### ABOUT THIS EXERCISE
With the pictures left out, write out exactly the lines of the listing below that run from the line with "Open the front" through the line with "When I read".

### RECORDS SUPPLIED
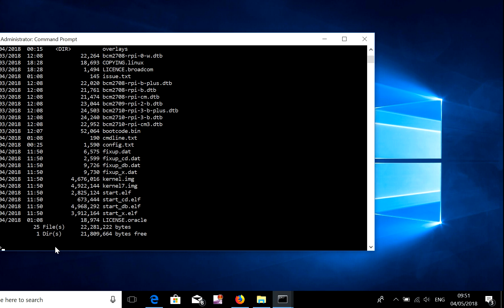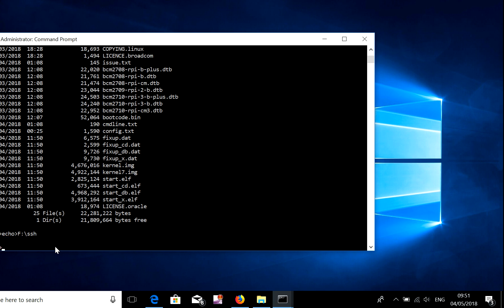So echo, D, sorry, F, and then SSH, enter.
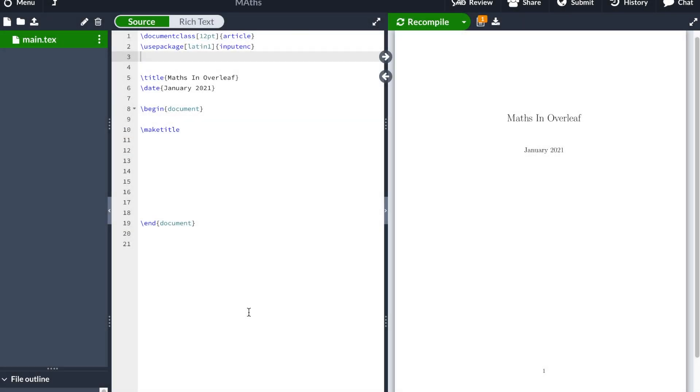Hello everyone and welcome to another LaTeX with Overleaf video tutorial. My name is Juan and today I'm going to be teaching you how to write math equations in LaTeX.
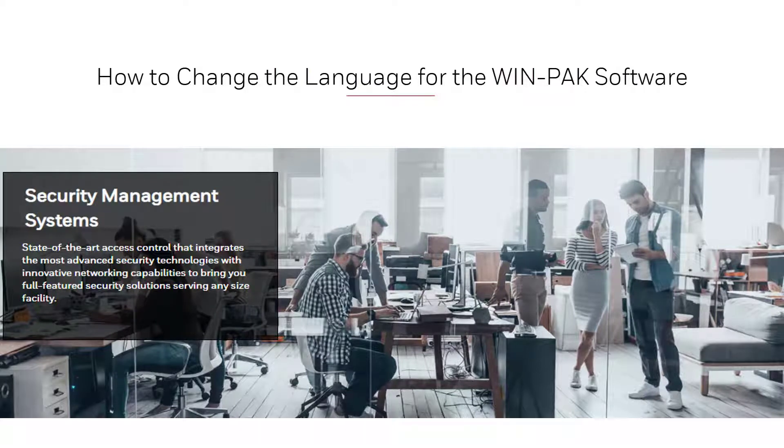Hi, in this video we'll view how to change the language for the Winpack User Interface.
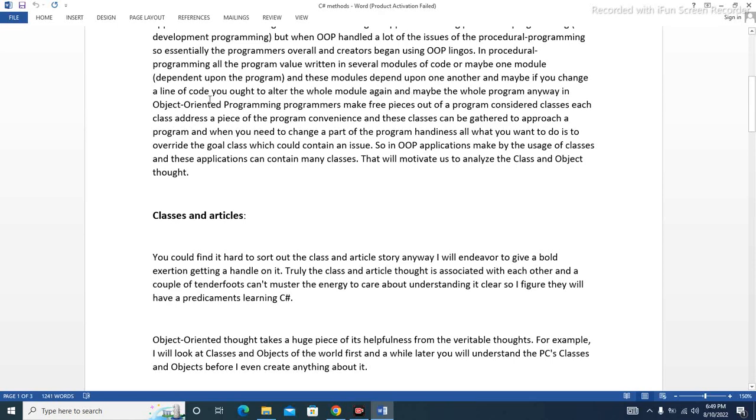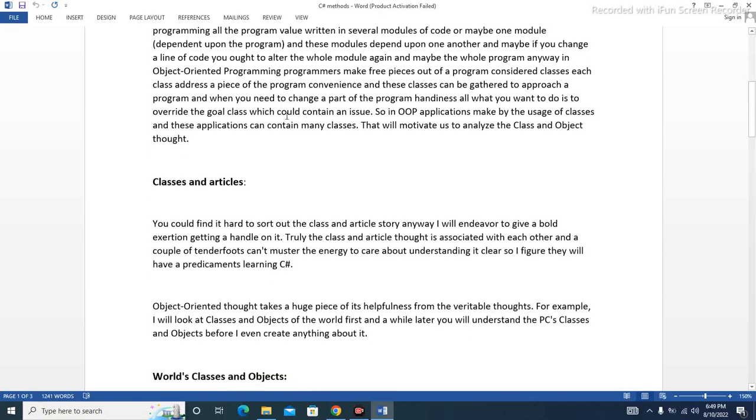In object-oriented programming, programmers make free pieces out of a program, considered classes. Each class addresses a piece of the program conveniently, and these classes can be gathered to approach a program. When you need to change a part of the program, all you want to do is override the goal class.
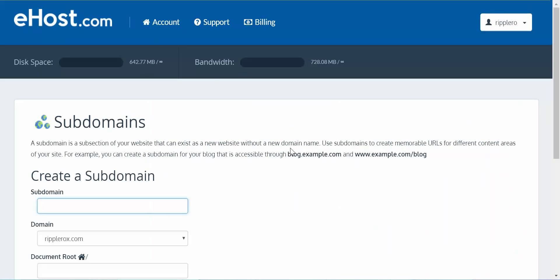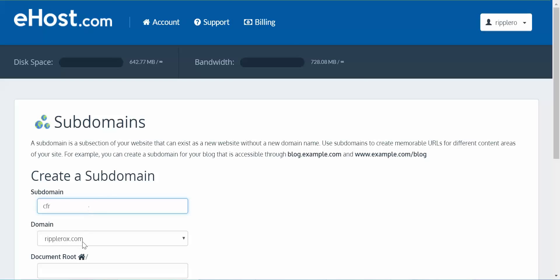And then you are going to create just the portion of the subdomain URL that you are going to add. So this one is going to be cfr.ripplerocks.com. And the document root will be right there, so I am just going to click create.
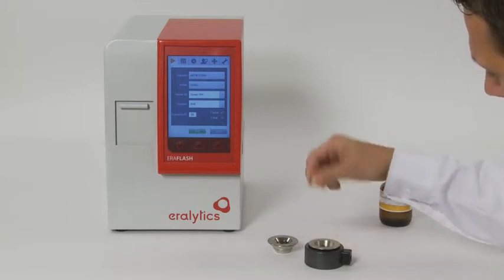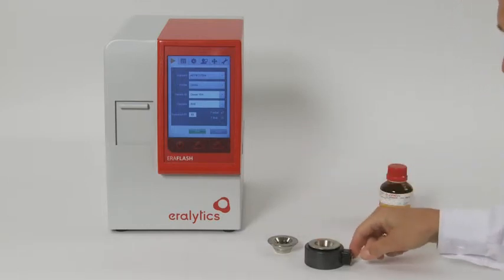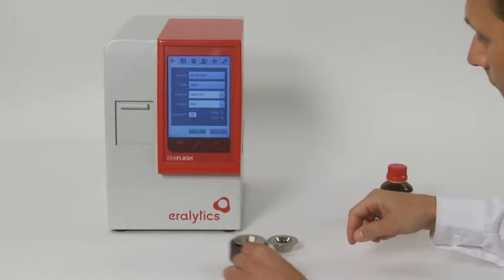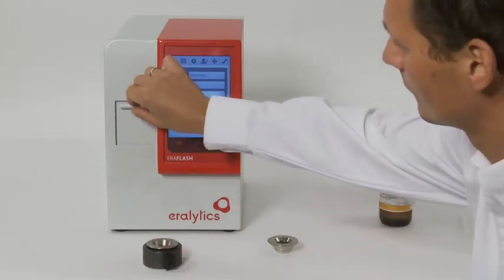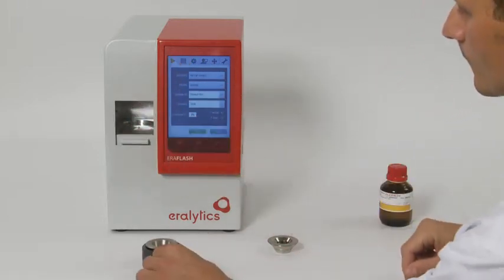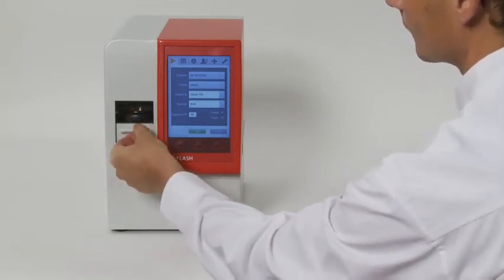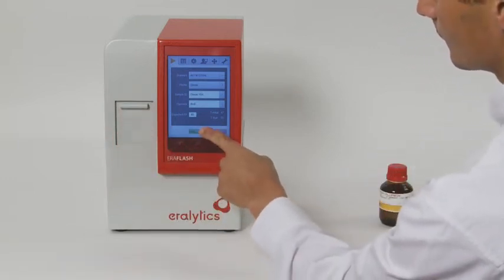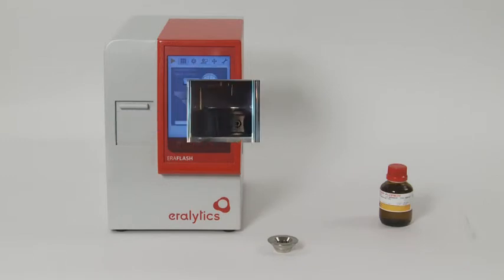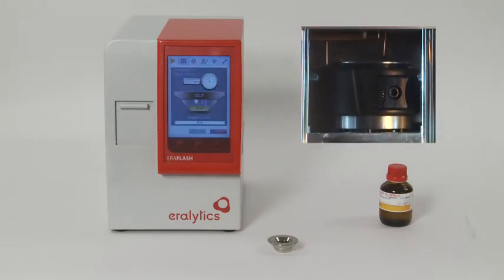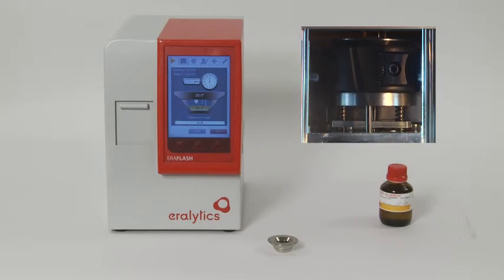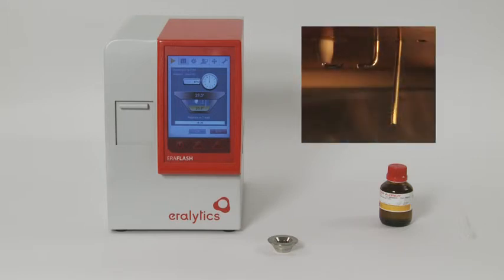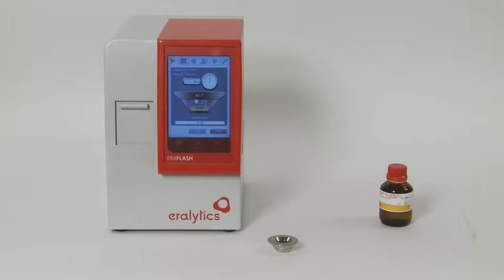Open the front door to place the sample cup inside the instrument. Close the door and press Run. The test measurement starts by lifting the sample cup to create a continuously closed chamber. Its unique design makes the Eralytics Flash the safest flashpoint tester available because there are no open flames or glowing wires at all during the measurement.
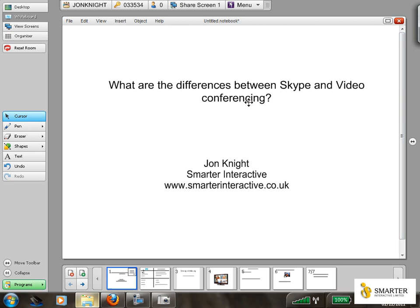Hi, my name is John Knight. I work for a company called Smarter Interactive. I'm just going to give you a brief overview of what the differences are between Skype and video conferencing.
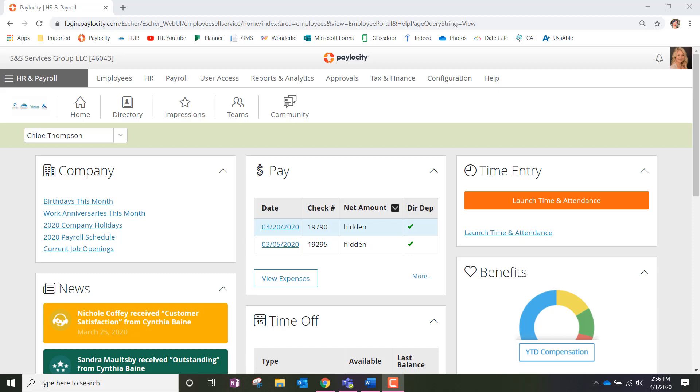But you are allowed to delete a pending or approved request if the dates you are taking off have not passed yet.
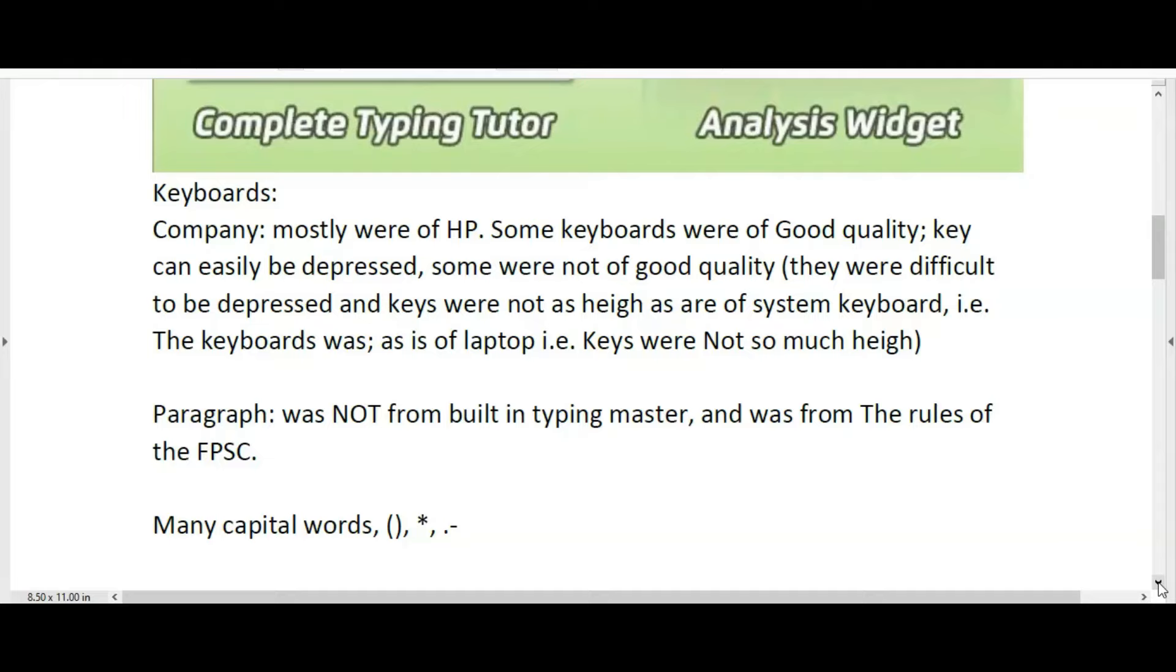The paragraph was not from the built-in Typing Master and was from the rules of the Federal Public Service Commission. Many capital words were in the paragraph, along with brackets, dashes, asterisks, colons, and semicolons. It was a five-minute test and the typing speed required was 30 words per minute, but my typing speed was 29 words per minute, so my status was failed.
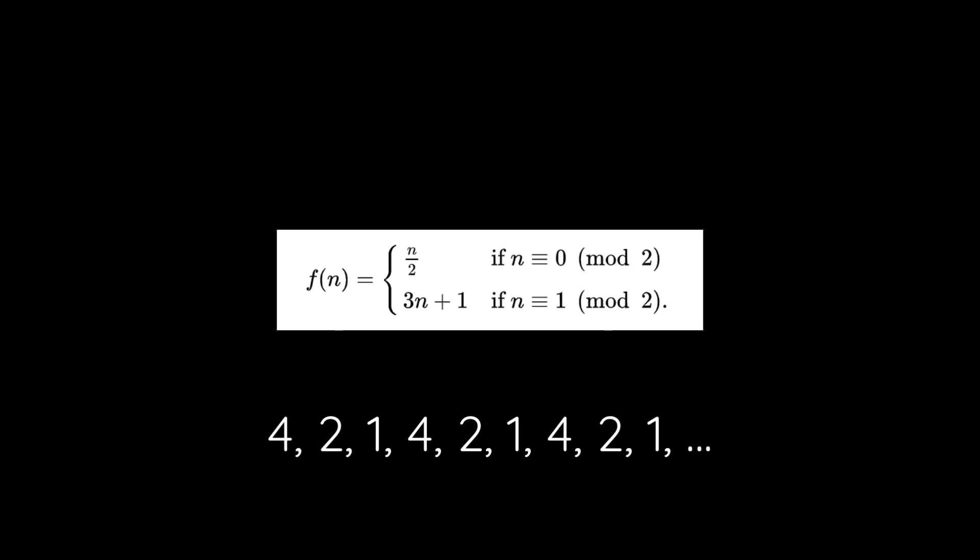When I read something about recurring sequences of numbers, I immediately think about sound or how to make it audible. But first, let's see how we can generate a Collatz sequence in Max.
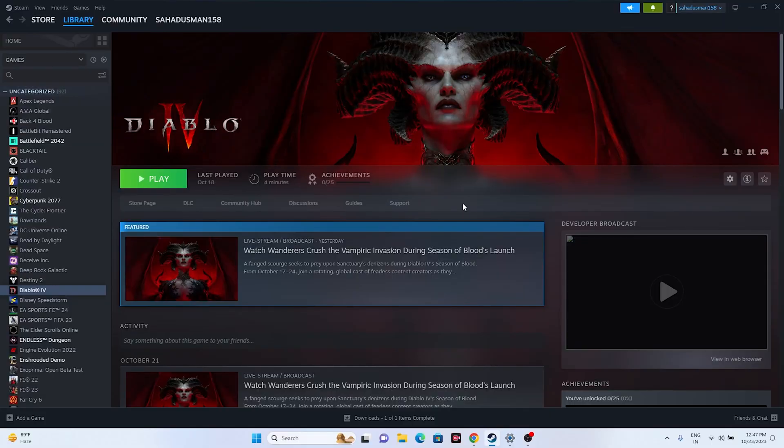Hello everyone, welcome back to the Gaming Flow. In this video we're going to talk about how to fix Diablo 4 crashing issues — not launching, freezing, stuttering, lagging, low FPS drops, stuck on loading screen, and many more issues which are happening for many users right now. Let's dive into the workarounds.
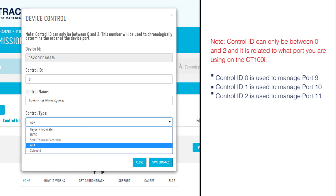They must be assigned to the corresponding port numbers of the CT100i. Control ID 0 is used to manage port 9. Control ID 1 is used to manage port 10. Control ID 2 is used to manage port 11.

### ANSWER BELOW
Open the front door to place the sample cup inside the instrument. Close the door and press Run. The test measurement starts by lifting the sample cup to create a continuously closed chamber. Its unique design makes the Eralytics Flash the safest flashpoint tester available because there are no open flames or glowing wires at all during the measurement.
Hi, my name is John Knight. I work for a company called Smarter Interactive. I'm just going to give you a brief overview of what the differences are between Skype and video conferencing.
But you are allowed to delete a pending or approved request if the dates you are taking off have not passed yet.
The paragraph was not from the built-in Typing Master and was from the rules of the Federal Public Service Commission. Many capital words were in the paragraph, along with brackets, dashes, asterisks, colons, and semicolons. It was a five-minute test and the typing speed required was 30 words per minute, but my typing speed was 29 words per minute, so my status was failed.
When I read something about recurring sequences of numbers, I immediately think about sound or how to make it audible. But first, let's see how we can generate a Collatz sequence in Max.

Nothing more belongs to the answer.